Although parts of the key are XORed with the encryption block at the beginning and end of the algorithm, the primary purpose of the key is to generate the S-boxes. These S-boxes are secret and, in essence, part of the key. Khufu calls for a total key size of 512 bits (64 bytes) and gives an algorithm for generating S-boxes from the key. The number of rounds for the algorithm is left open. Merkle mentioned that 8-round Khufu is susceptible to a chosen-plaintext attack and recommended 16, 24, or 32 rounds [1071]. (He restricted the choice of rounds to a multiple of eight.)

Because Khufu has key-dependent and secret S-boxes, it is resistant to differential cryptanalysis. There is a differential attack against 16-round Khufu that recovers the key after 2³¹ chosen plaintexts [611], but it cannot be extended to more rounds. If brute-force is the best way to attack Khufu, it is impressively secure. A 512-bit key gives a complexity of 2⁵¹²—inconceivable under any circumstances.

Khafre

Khafre is the second of two cryptosystems proposed by Merkle [1071]. (Khufu and Khafre are names of Egyptian pharaohs.) It is similar in design to Khufu, except that it was designed for applications without precomputation time. The S-boxes are not key-dependent. Instead, Khafre uses fixed S-boxes. And the key is XORed with the encryption block not only before the first round and after the last round, but also after every 8 rounds of encryption.

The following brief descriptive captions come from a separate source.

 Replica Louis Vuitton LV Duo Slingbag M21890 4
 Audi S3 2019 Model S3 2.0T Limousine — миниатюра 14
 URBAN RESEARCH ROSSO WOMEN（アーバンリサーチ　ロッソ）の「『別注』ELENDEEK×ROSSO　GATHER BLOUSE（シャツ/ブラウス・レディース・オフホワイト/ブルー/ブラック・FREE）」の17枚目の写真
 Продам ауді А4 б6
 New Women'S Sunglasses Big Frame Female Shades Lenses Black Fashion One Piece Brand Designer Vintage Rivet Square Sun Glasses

Merkle speculated that key sizes of 64- or 128-bits would be used for Khafre and that more rounds of encryption would be required for Khafre than for Khufu. This, combined with the fact that each round of Khafre is more complex than for Khufu, makes Khafre slower. In compensation, Khafre does not require any precomputation and will encrypt small amounts of data more quickly.

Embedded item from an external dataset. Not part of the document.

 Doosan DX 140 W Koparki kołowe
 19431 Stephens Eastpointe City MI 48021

In 1990 Biham and Shamir turned their differential cryptanalysis techniques against Khafre [170]. They were able to break 16-round Khafre with a chosen-plaintext attack using about 1500 different encryptions. It took about an hour, using their personal computer. Converting that to a known-plaintext attack would require about 2³⁸ encryptions. Khafre with 24 rounds can be broken by a chosen-plaintext attack using 2⁵³ encryptions, and a known-plaintext attack using 2⁵⁹ encryptions.

Patents

Both Khufu and Khafre are patented [1072]. Source code for the algorithms are in the patent. Anyone interested in licensing either or both algorithms should contact Director of Licensing, Xerox Corporation, P.O. Box 1600, Stamford, CT, 06904-1600.

13.8 RC2

RC2 is a variable-key-size encryption algorithm designed by Ron Rivest for RSA Data Security, Inc. (RSADSI). Apparently, “RC” stands for “Ron’s Code, ” although it officially stands for “Rivest Cipher.” (RC3 was broken at RSADSI during development; RC1 never got further than Rivest’s notebook.) It is proprietary, and its details have not been published. Don’t think for a minute that this helps security. RC2 has already appeared in commercial products. As far as I know, RC2 has not been patented and is only protected as a trade secret.

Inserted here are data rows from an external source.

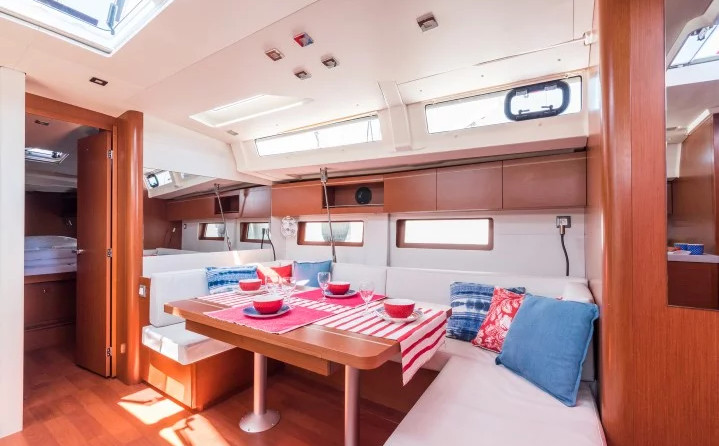 Oceanis 51.1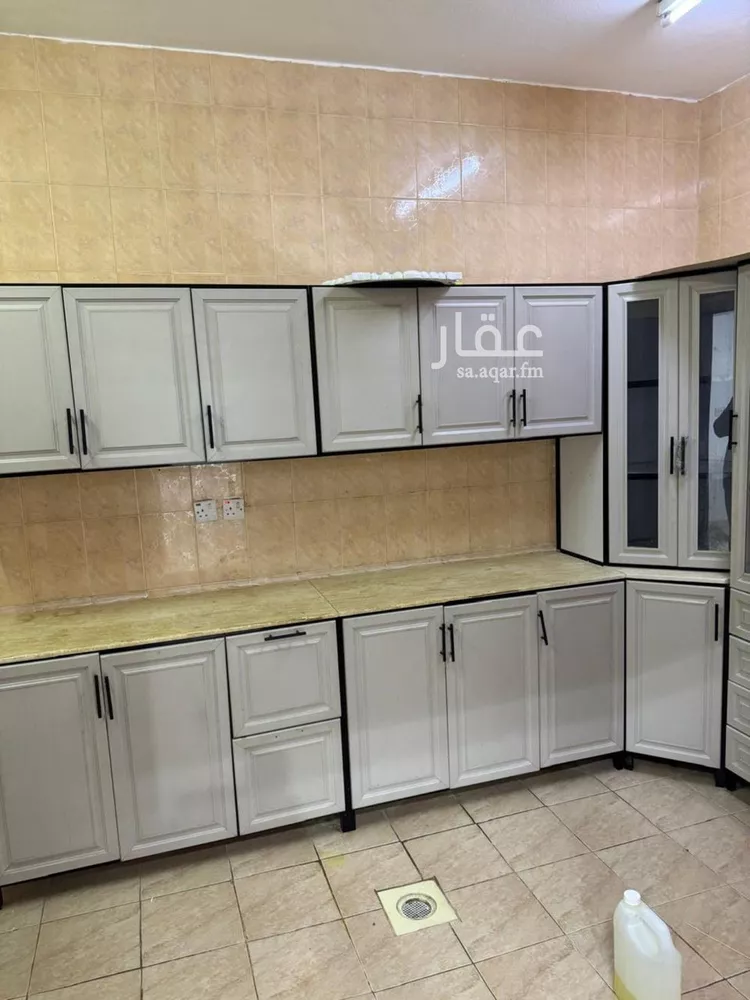 شقة للإيجار في شارع رقم 317, حي ظهرة لبن, مدينة الرياض, منطقة الرياض صورة 4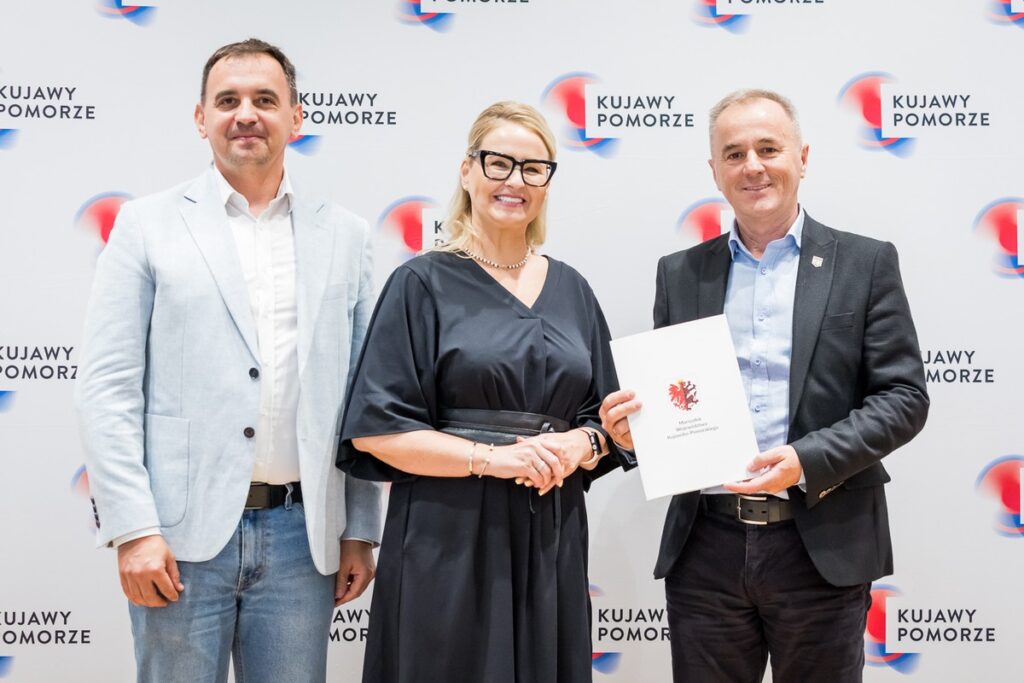 Handing over grand agreements for the development of sports infrastructure in the region, photo by Tomasz Czachorowski/eventphoto.com.pl for UMWKP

RC2 is a variable-key-size 64-bit block cipher, designed to be a replacement for DES. According to the company, software implementations of RC2 are three times faster than DES. The algorithm accepts a variable-length key, from 0 bytes to the maximum string length the computer system supports; encryption speed is independent of key size. This key is preprocessed to yield a key-dependent table of 128 bytes. So the number of effectively different keys is 2¹⁰²⁴. RC2 has no S-boxes [805]; the two operations are “mix” and “mash, ” and one is chosen in each round. According to their literature [1334]:

... RC2 is not an iterative block cipher. This suggests that RC2 offers more protection against differential and linear cryptanalysis than other block ciphers which have relied for their security on copying the design of DES.